Context Engine is an open-source context layer for startups and AI systems.

It is a self-hostable knowledge platform for startups. It solves a specific problem: company knowledge is scattered across Slack messages, Notion docs, Zoom meeting transcripts, and GitHub issues. When someone asks "what's the current pricing?" or "who decided to delay the launch?", the answer might be buried in a Slack thread from two weeks ago — and it might contradict what's written in Notion.
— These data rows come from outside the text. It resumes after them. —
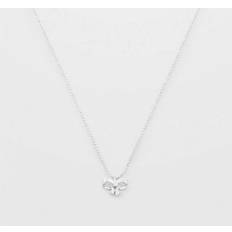 Syster P Halskæder Syster P Rosie Mini Necklace Sølv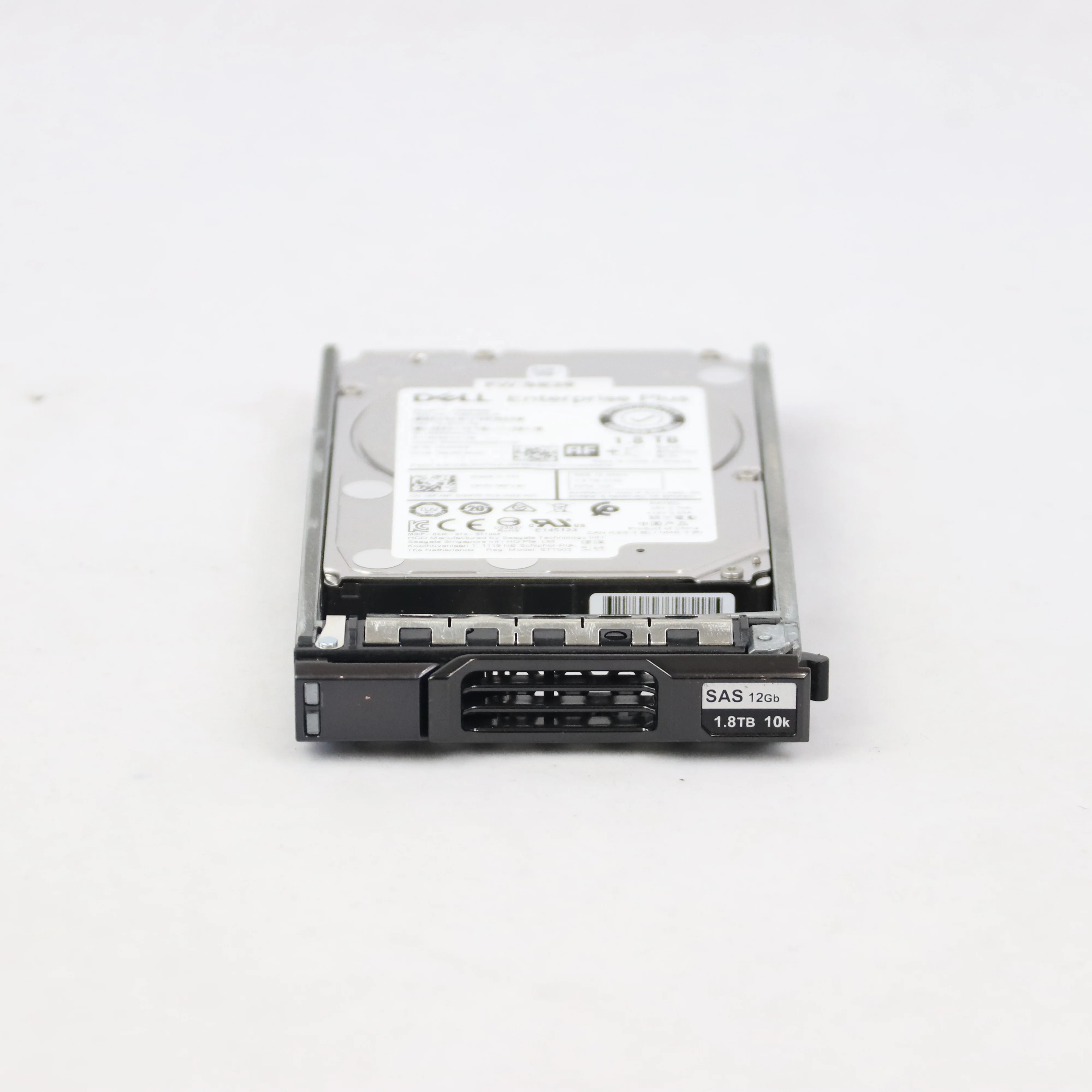 Внутренний жесткий диск 06FV4P 1 8 TB 10000RPM SAS 12Gbps 2 5 дюйма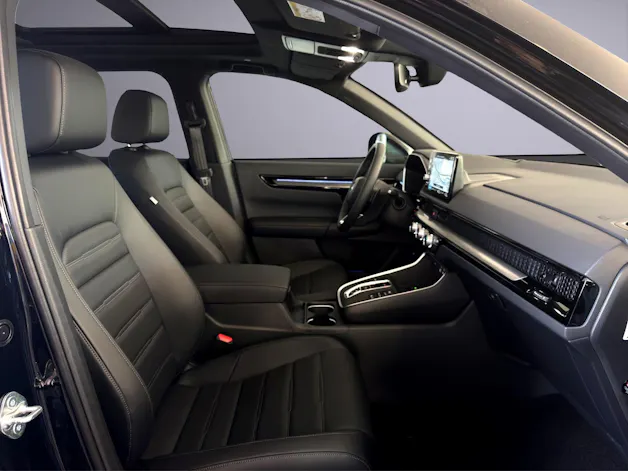 Honda CR-V 2.0 i-MMD Plug-in Hybrid Advance Tech 2WD
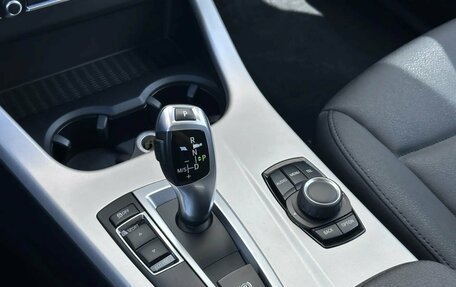 BMW X3, 2013 год, 1 420 000 рублей, 8 фотография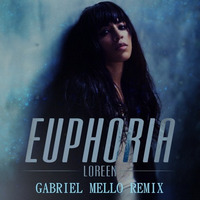 E.U.P.H.O.R.I.A 2K18(Gabriel Mello Remix)Teaser by Gabriel Mello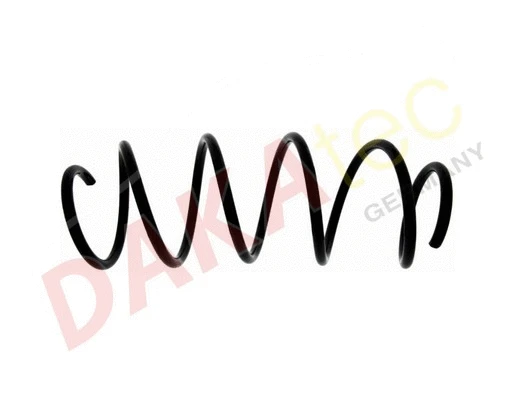 Suspension Spring (300449)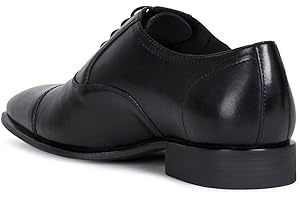 Geox Homme Uomo High Life C Chaussures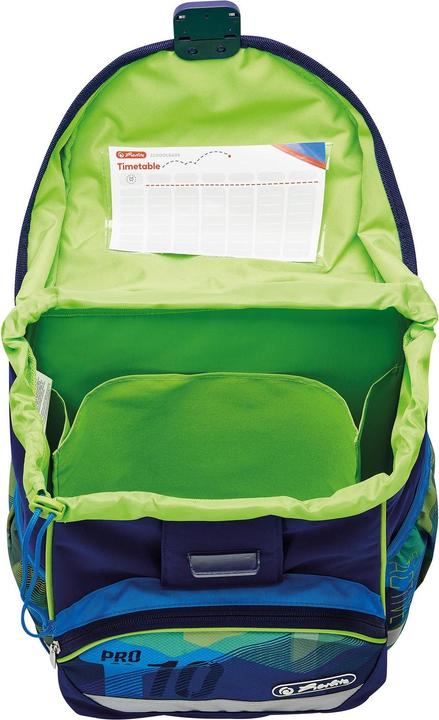 Produktbild Herlitz Ultralight (15 l)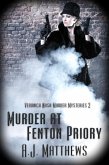 Murder at Fenton Priory (eBook, ePUB)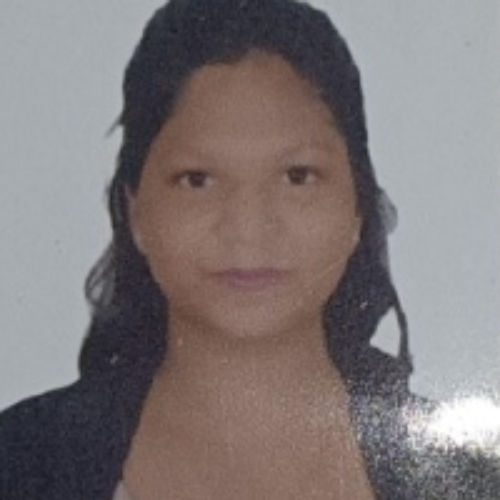 Vaishnavi gamre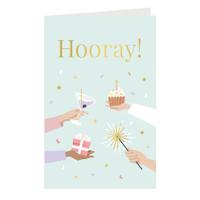 'Hooray!' kopen? | FOR YOU GIFTS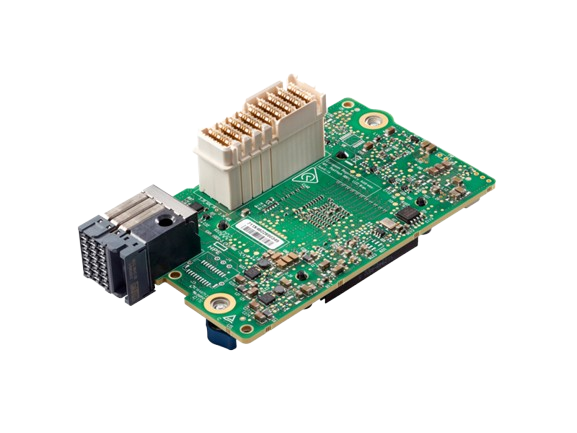 876449-B21 HPE Synergy 4820C 10/20/25Gb Converged Network Adapter - REFURBISHED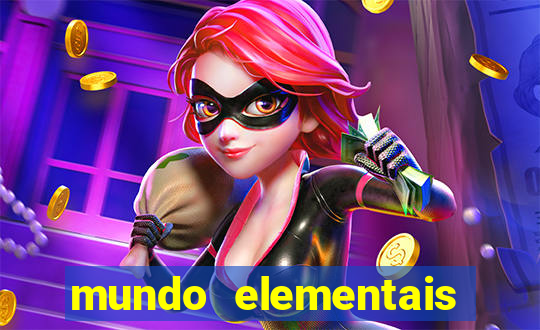 mundo elementais download apk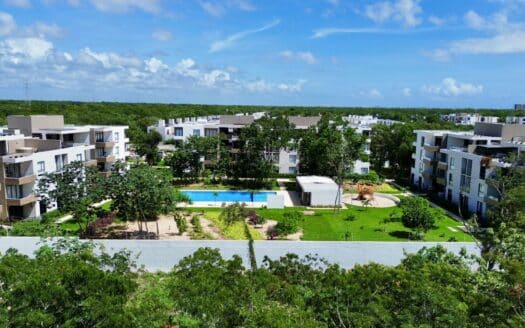 Bali 2 – 3 Bedroom Condo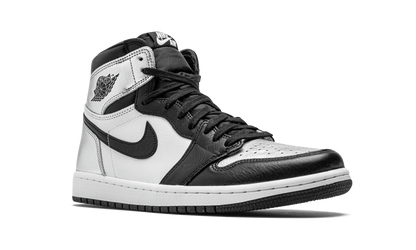 Jordan 1 Retro High Silver Toe (Women's)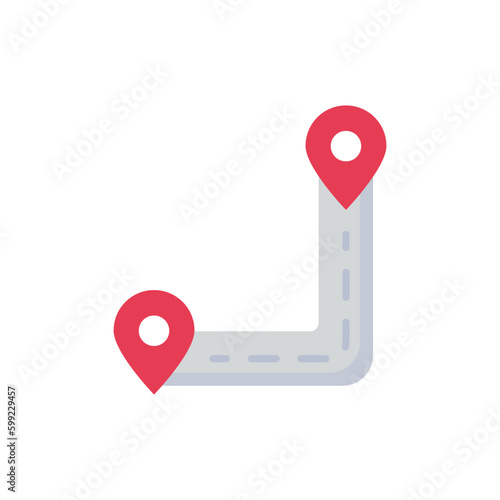 route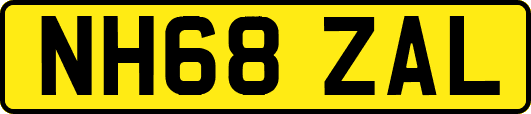 NH68ZAL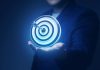 Target concept, source: Shutterstock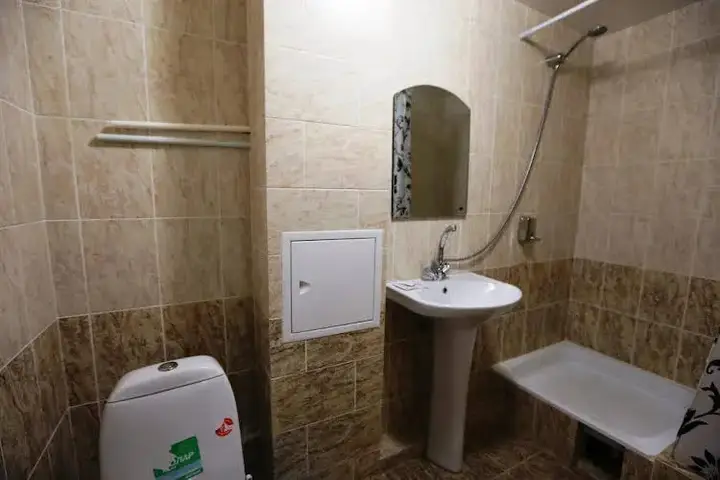 Ростов-на-Дону: Hotel Med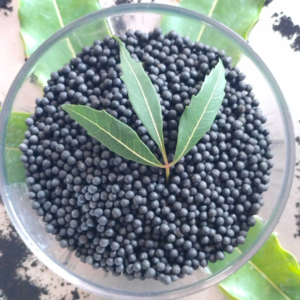 Bio-Pesticide Base Granules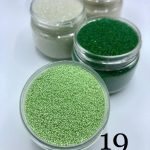 شن لیزری سبز روشن       0019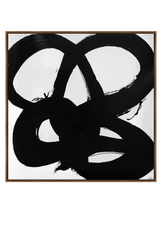 Neroletto Canvas Artwork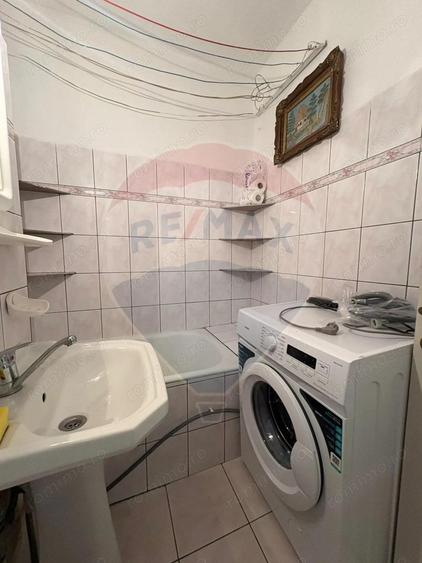 Apartament cu o camera in zona UTA - 3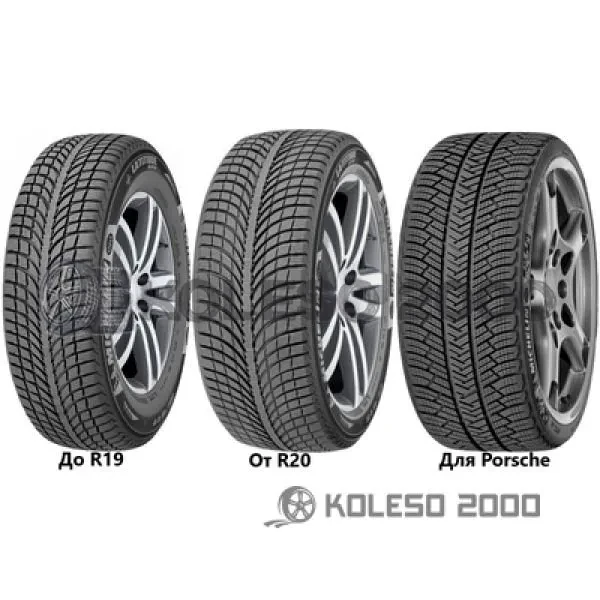 Latitude Alpin LA2 Latitude Alpin LA2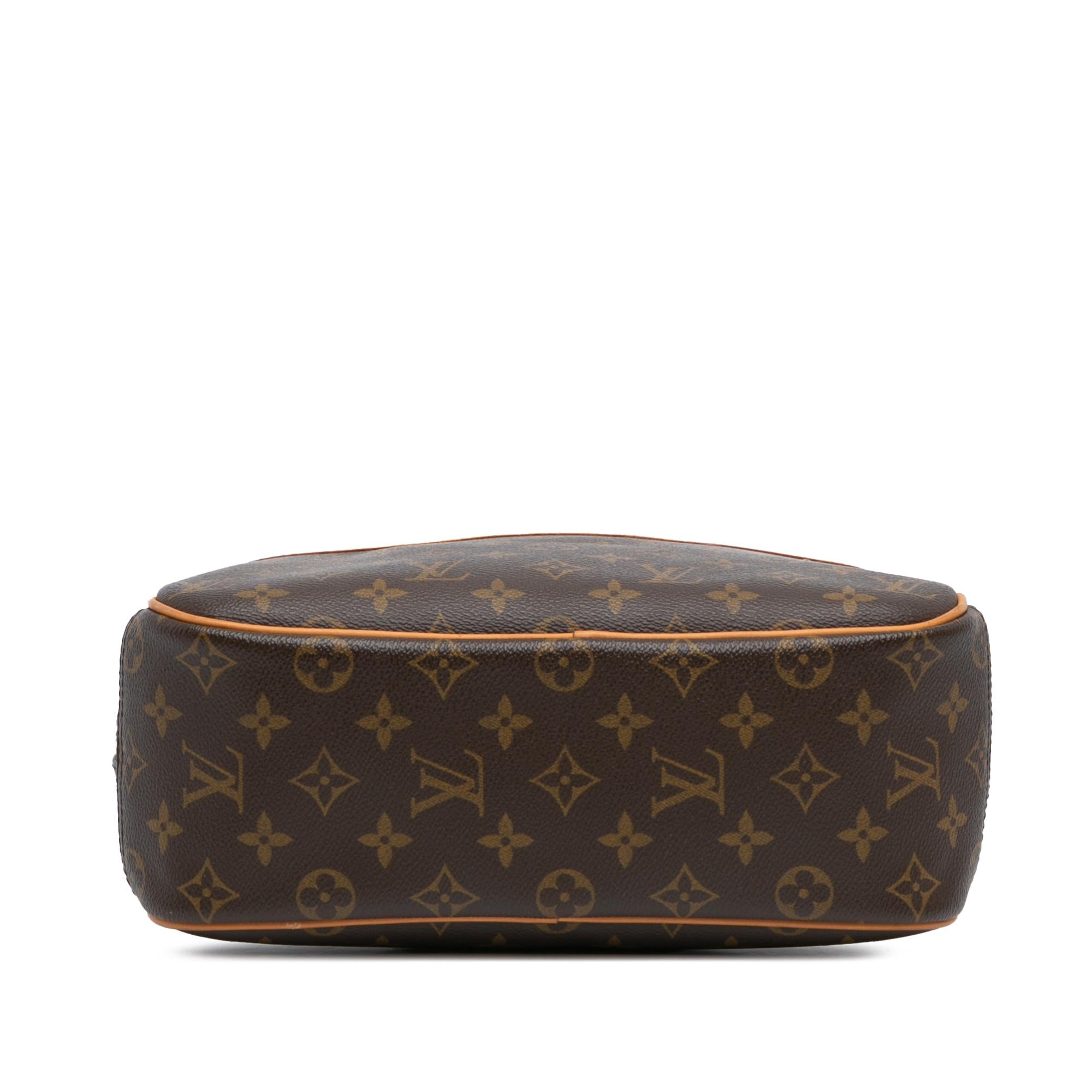 Louis Vuitton Monogram Trouville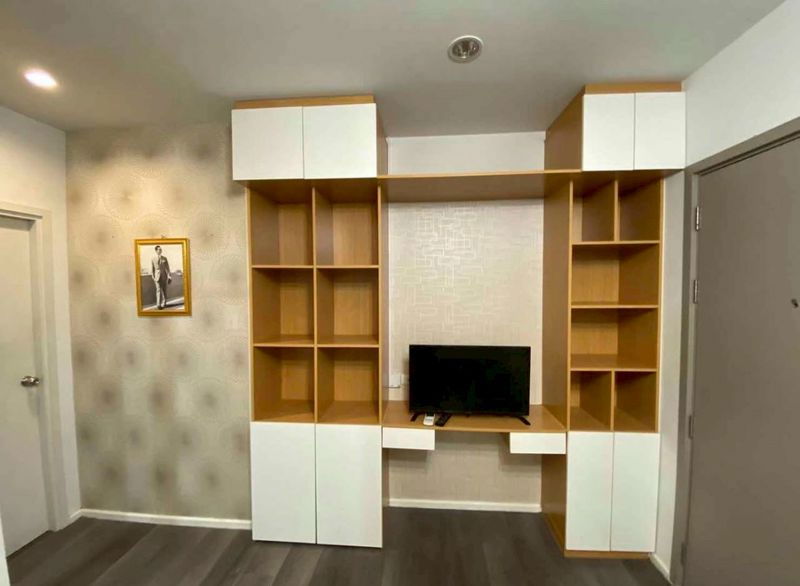 picture For Rent The Stage Taopoon-Interchange Fully Furnished (Near MRT Taopoon) - 3/7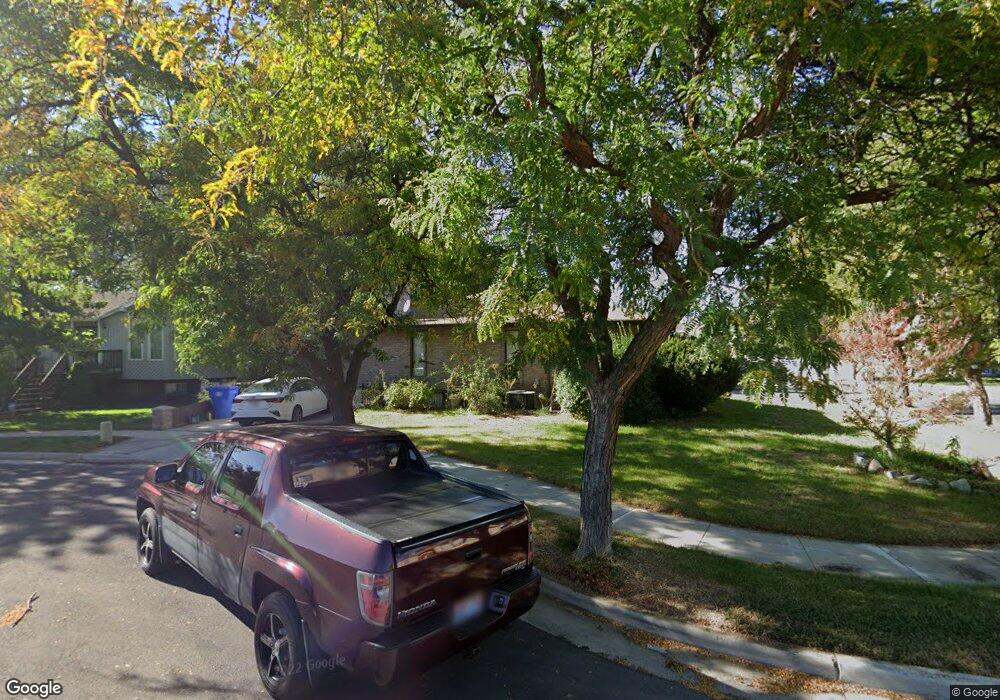 7088 Pepperidge Ct, Midvale, UT 84047 - photo 1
Context Engine ingests all of that raw data, extracts structured facts from it using LLMs, tracks where each fact came from (provenance), flags conflicts, and serves source-backed answers through a query API and operator dashboard.

Architecture:

Context Engine Architecture

Who It Is For

  • startups that want a source-backed internal context layer
  • founders and operators who need trustworthy answers, not vague retrieval
  • engineering and product teams that want decisions, blockers, and changes made explicit
  • agent builders who want auditable context instead of generic RAG

Sources

Current connector surface includes:

  • Slack
  • Notion
  • Zoom transcripts
  • GitHub issues and pull requests

Core Data Model

The backend stores:

  • source_documents: raw ingested evidence
  • components: extracted facts
  • relationships: links between facts
  • component_sources: provenance from fact back to source
  • review_items: conflicts, low-confidence facts, superseded facts
  • sync_jobs: background sync and reprocess tracking

Product Workflows

The app currently includes:

  • Founder Brief: summarize what changed, what is risky, and what needs attention
  • Decision Register: view current and historical decisions with rationale and blockers
  • What Changed: timeline across decision changes, reviews, ingests, and failures
  • Launch Guard: check outbound copy against current truth, review state, and evidence
  • Meetings: inspect transcript-backed decisions and blockers
  • Engineering: inspect GitHub-backed engineering context
  • Accuracy: review eval results, domains, cases, and benchmark queries
  • Review Queue: resolve conflicts and low-confidence facts
  • Connectors / Sources / Models / Query / Graph: operate the underlying system

Product Principles

Context Engine is intentionally opinionated:

  • source-backed over similarity-only
  • reviewable over opaque
  • current truth by default
  • historical truth when requested
  • structured facts over free-form memory
  • self-hostable by default

Architecture

Backend

  • FastAPI
  • SQLAlchemy async ORM
  • PostgreSQL + pgvector
  • Redis
  • Celery
  • Alembic migrations

Frontend

  • React
  • Vite
  • React Query
  • React Router

Retrieval / Accuracy

The current architecture supports:

  • schema-constrained extraction with rule fallback
  • structured fact storage in Postgres
  • provenance-aware query responses
  • temporal fact visibility
  • hybrid lexical + semantic scoring groundwork
  • eval summaries and case-level regressions

Quick Start

The OSS v1 release candidate has two primary rails:

  1. demo data for immediate time-to-value
  2. real local text import for your own notes, docs, and exports

Prerequisites:

  • Docker Engine with Compose v2
  • python3
  • curl
  • npm only if you plan to run the full release gate with ctxe verify
  • PostgreSQL client tools (dropdb, createdb, psql) only if you plan to run the contract-test phase in ctxe verify

Install the CLI once in a local virtualenv:

git clone <this-repo> context-engine
cd context-engine
python3 -m venv .venv
source .venv/bin/activate
pip install -e ".[dev]"

Leave LITELLM_API_KEY, EXTRACTION_MODEL, and EMBEDDING_MODEL blank for a fully offline OSS run using the local deterministic embedder and rule-based extraction fallback.

Rail 1: Demo

Boot the stack, apply migrations, and seed the canonical demo workspace:

ctxe demo
ctxe query --workspace "Acme Accuracy Demo" "What is the Starter Plan?"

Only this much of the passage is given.